What should I listen to?
This is where the debate comes in. If you are a serious audiophile or a competitor and you are listening to MP3s in any fashion other than messing around, you are doing your equipment a huge disservice. The fact that MP3s are compressed means that some of the information of that song has been removed to make the file size as small as possible.

The largest part of a song as far as data goes is the bottom end, below 200 Hz. This means that when you’re listening to an MP3 track, the actual output from the lower frequency will be significantly reduced due to the information being removed and/or compressed. This will lead you to boost your sub output or use your EQ to try and boost those frequencies. Instead of sounding better though, you end up clipping the signal and creating stress on your equipment because you can’t boost what isn’t there. This usually leads to a trip to the forums to complain about how bad that brand of speakers are, or how much your installer sucks, when really, your music library is to blame.

So, what were MP3s made for if they sound so bad? Easy: headphones! When the iPod was released, Apple had no intention of flooding the high-end home or car audio market. It was simply making a ‘personal music player,’ which means you and a pair of headphones.
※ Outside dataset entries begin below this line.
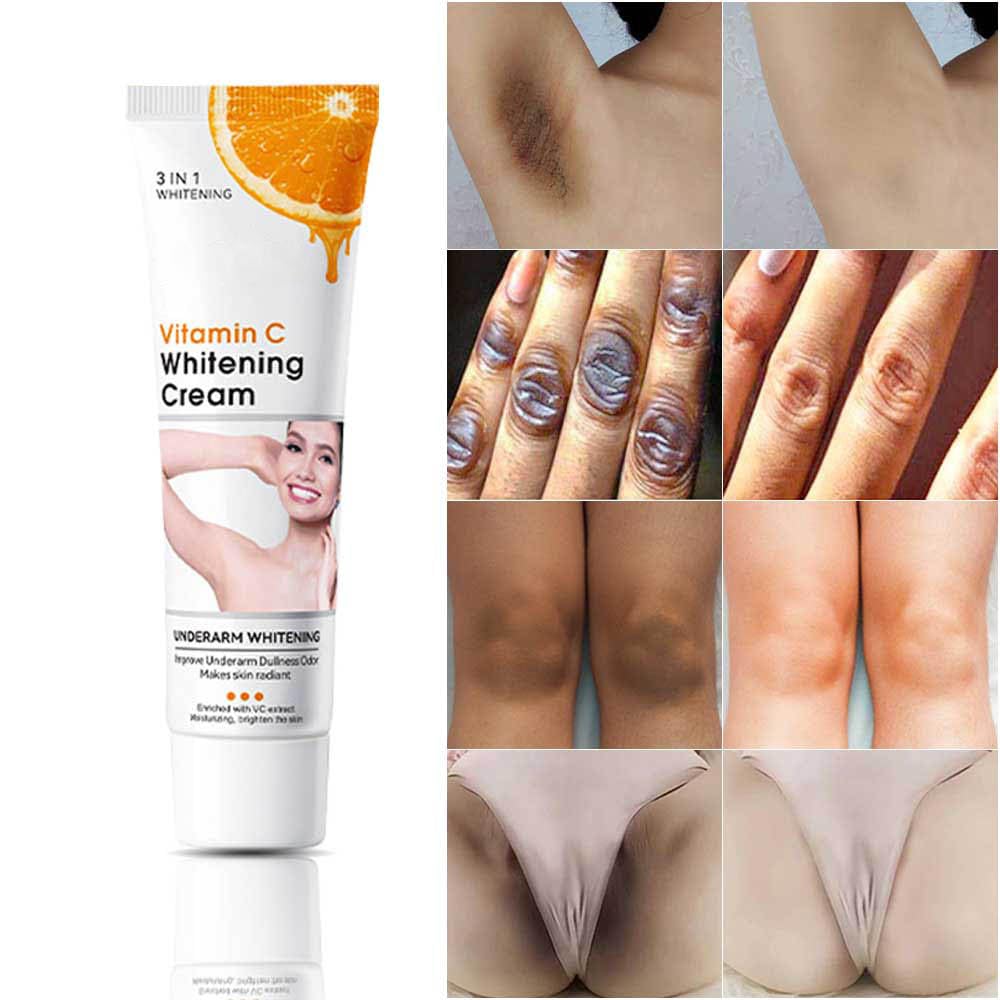 Axnoocy VVhitening Cream packaging with vitamin C benefits for skincare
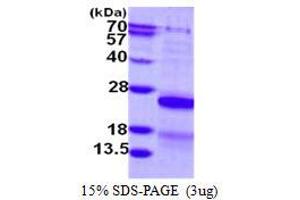 Image no. 1 for Cysteine and Glycine-Rich Protein 2 (CSRP2) (AA 1-193) protein (His tag) (ABIN1098276)
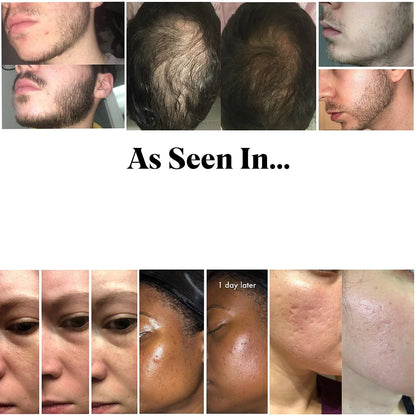 Cenvia™  Micro-Needle Derma Roller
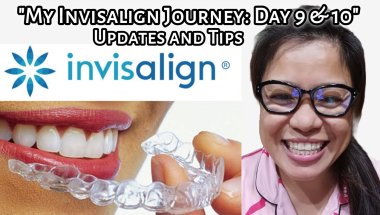"My Invisalign Journey: Day 9 & 10" Updates and Tips | Tagalog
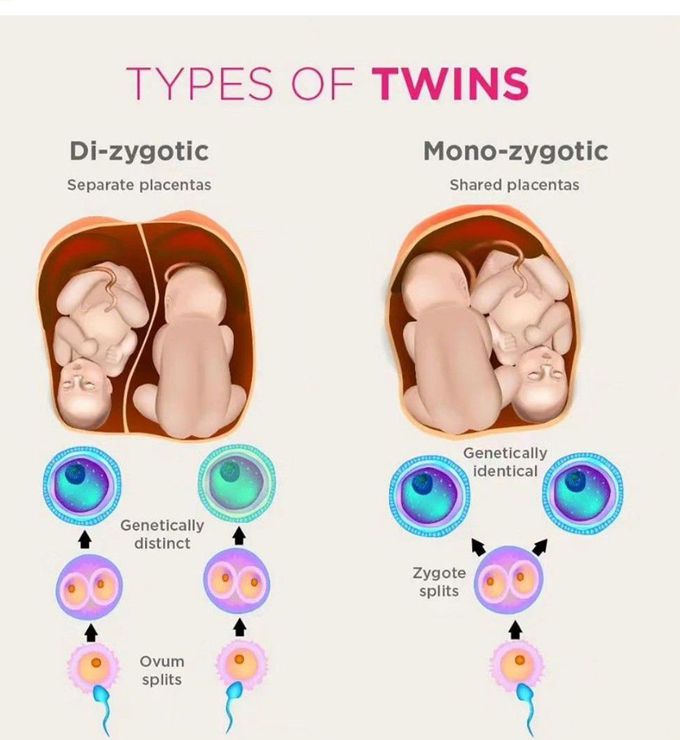 Types of Twins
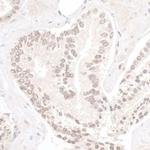 NP95/UHRF1 Antibody in Immunohistochemistry (IHC)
To use an MP3 recording for anything other than headphones or small personal speakers is to guarantee you, the listener, an unfulfilled experience.

When choosing a personal player that will be feeding a head unit, I would always recommend using FLAC audio files. Although WAV and FLAC audio are almost identical, FLAC audio allows you to ID TAG your music. Almost all head units now come with some sort of USB input for an external USB drive to play music from, so as long as your head unit can read FLAC format then you should be set, and you can see file/song titles and artist names.

Have your Cake and eat it too?
A FLAC album is much, much larger than MP3! You’re going to have to give up some hard drive space for sound quality. If this is a problem, you may need to look into a head unit that can read large external hard drives. It isn't as hard as it sounds, since almost all modern head units will read a drive larger than 64 GB (even if they say they won’t). Here is the trick: you have to format the drive to FAT32 using a free program that is easily found on Google. Anything above 64 GB is supposed to be formatted EXFAT 32, which head units won’t read, but if you use the program to force a drive to format to FAT32 (Google search hint), you can use any sized drive you want. I am currently running a 500 GB Seagate drive on my Pioneer 8500BHS.

Cabe's Corner: Consider the Source


Using Bluetooth for streaming
Instead of adding a hard drive or direct link to the head unit, say you've decided to use Bluetooth to transmit all your FLAC audio so that you can enjoy uncompressed music... Well, it doesn't work exactly like that, but you’re off to a better start than most people with their MP3 libraries. The reason this doesn't really work is because Bluetooth audio is compressed audio as well, so no matter what you play, it's compressed before being sent to the head unit.

Cabe's Corner: Consider the Source

The best way to make this work is to have Bluetooth 4.0 and make sure your player and head unit are A2DP (Advanced Audio Distribution Profile) compatible. This means the Bluetooth inside is able to send and receive stereo-quality music in compressed form. So why use FLAC audio if it’s going to be compressed anyway? Well, wouldn’t you want to use a lossless version and have it compressed as opposed to compressing something that’s already been compressed? It's like stepping on the signal twice with MP3s. With the FLAC version at least you know you’re getting the best you can from your Bluetooth stream.

There is no way to fit all of the pros and cons of different audio codecs into this article, but I hope I’ve expelled enough information to pique your interest to further investigate your own music library. Not everyone is an audiophile, and to some, the difference between an MP3 and FLAC is unnoticeable. On the other hand, you’ll know you’re an audiophile when you can feel the emptiness of a compressed song after hearing the glorious lows and crystal-clear highs from the full-sized version.